**WORK TO COMPLETE**
Print the line containing "Pink 37 Skechers" and every later line of the records. Keep each one exactly as given, ending with the last.
(Beginning of EXERCISE INPUTS)
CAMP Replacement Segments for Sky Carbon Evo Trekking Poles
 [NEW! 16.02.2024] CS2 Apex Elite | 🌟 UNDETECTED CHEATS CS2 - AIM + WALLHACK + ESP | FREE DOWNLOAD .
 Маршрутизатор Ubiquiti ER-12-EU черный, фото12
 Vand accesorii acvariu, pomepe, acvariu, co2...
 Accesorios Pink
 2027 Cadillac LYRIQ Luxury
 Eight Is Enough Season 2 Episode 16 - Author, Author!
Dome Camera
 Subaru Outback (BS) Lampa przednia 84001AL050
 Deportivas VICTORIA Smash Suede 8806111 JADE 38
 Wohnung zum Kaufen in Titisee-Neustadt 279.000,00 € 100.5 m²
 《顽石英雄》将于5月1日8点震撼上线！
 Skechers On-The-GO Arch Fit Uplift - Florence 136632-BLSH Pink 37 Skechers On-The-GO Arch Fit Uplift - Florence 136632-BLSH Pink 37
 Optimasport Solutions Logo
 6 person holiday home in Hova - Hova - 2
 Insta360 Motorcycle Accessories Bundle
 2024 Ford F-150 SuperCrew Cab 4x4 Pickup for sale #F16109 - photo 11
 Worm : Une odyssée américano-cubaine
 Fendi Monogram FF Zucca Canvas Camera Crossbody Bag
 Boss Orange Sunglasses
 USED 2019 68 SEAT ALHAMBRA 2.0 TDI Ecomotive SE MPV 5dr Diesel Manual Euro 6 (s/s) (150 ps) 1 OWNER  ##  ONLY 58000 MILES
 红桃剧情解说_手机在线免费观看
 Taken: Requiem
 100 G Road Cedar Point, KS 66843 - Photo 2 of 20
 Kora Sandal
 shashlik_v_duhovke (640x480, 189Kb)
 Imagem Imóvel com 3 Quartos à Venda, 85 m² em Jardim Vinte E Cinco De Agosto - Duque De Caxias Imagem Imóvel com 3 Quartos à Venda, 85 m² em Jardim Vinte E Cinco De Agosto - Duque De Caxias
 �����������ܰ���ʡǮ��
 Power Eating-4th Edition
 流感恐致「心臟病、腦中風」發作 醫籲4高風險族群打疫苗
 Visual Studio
(End of EXERCISE INPUTS)
**REPLY TO THE EXERCISE**
 Skechers On-The-GO Arch Fit Uplift - Florence 136632-BLSH Pink 37 Skechers On-The-GO Arch Fit Uplift - Florence 136632-BLSH Pink 37
 Optimasport Solutions Logo
 6 person holiday home in Hova - Hova - 2
 Insta360 Motorcycle Accessories Bundle
 2024 Ford F-150 SuperCrew Cab 4x4 Pickup for sale #F16109 - photo 11
 Worm : Une odyssée américano-cubaine
 Fendi Monogram FF Zucca Canvas Camera Crossbody Bag
 Boss Orange Sunglasses
 USED 2019 68 SEAT ALHAMBRA 2.0 TDI Ecomotive SE MPV 5dr Diesel Manual Euro 6 (s/s) (150 ps) 1 OWNER  ##  ONLY 58000 MILES
 红桃剧情解说_手机在线免费观看
 Taken: Requiem
 100 G Road Cedar Point, KS 66843 - Photo 2 of 20
 Kora Sandal
 shashlik_v_duhovke (640x480, 189Kb)
 Imagem Imóvel com 3 Quartos à Venda, 85 m² em Jardim Vinte E Cinco De Agosto - Duque De Caxias Imagem Imóvel com 3 Quartos à Venda, 85 m² em Jardim Vinte E Cinco De Agosto - Duque De Caxias
 �����������ܰ���ʡǮ��
 Power Eating-4th Edition
 流感恐致「心臟病、腦中風」發作 醫籲4高風險族群打疫苗
 Visual Studio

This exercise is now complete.